*** ENTRIES SUPPLIED Section Begins ***

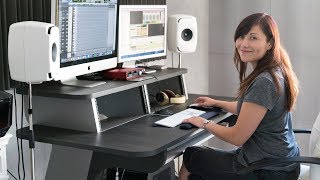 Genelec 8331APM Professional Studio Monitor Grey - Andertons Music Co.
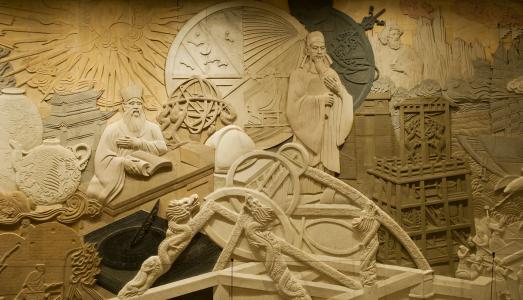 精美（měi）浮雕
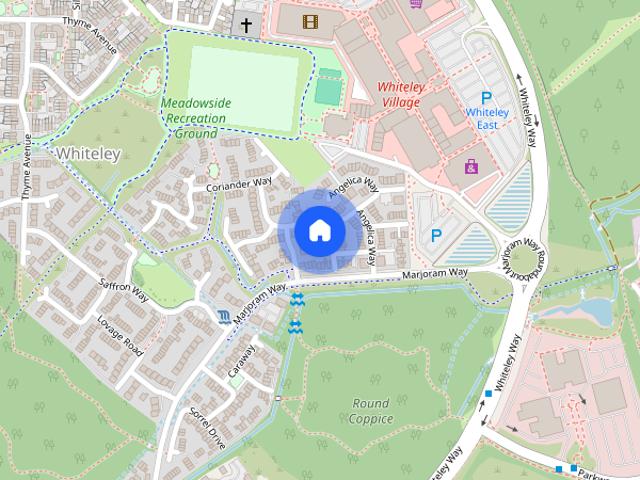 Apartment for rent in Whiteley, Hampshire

*** ENTRIES SUPPLIED Section Ends ***
*** ENTRIES SUPPLIED Section Begins ***

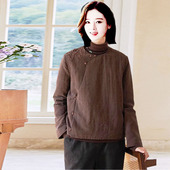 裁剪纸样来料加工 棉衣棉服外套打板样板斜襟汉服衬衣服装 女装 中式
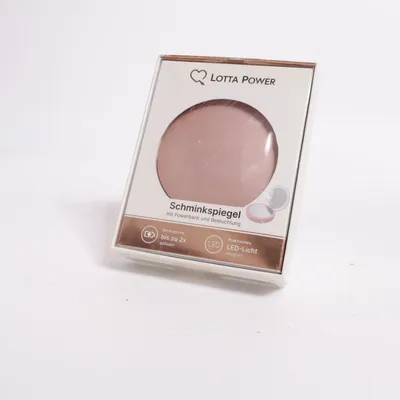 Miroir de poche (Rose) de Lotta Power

*** ENTRIES SUPPLIED Section Ends ***

EXERCISE REQUIREMENTS
Within these entries, output exactly the lines starting at the one with "裁剪纸样来料加工 棉衣棉服外套打板样板斜襟汉服衬衣服装 女装 中式" and finishing at the one with "Miroir de poche (Rose) de Lotta Power". Leave pictures out of the output.

SOLUTION
 裁剪纸样来料加工 棉衣棉服外套打板样板斜襟汉服衬衣服装 女装 中式
 Miroir de poche (Rose) de Lotta Power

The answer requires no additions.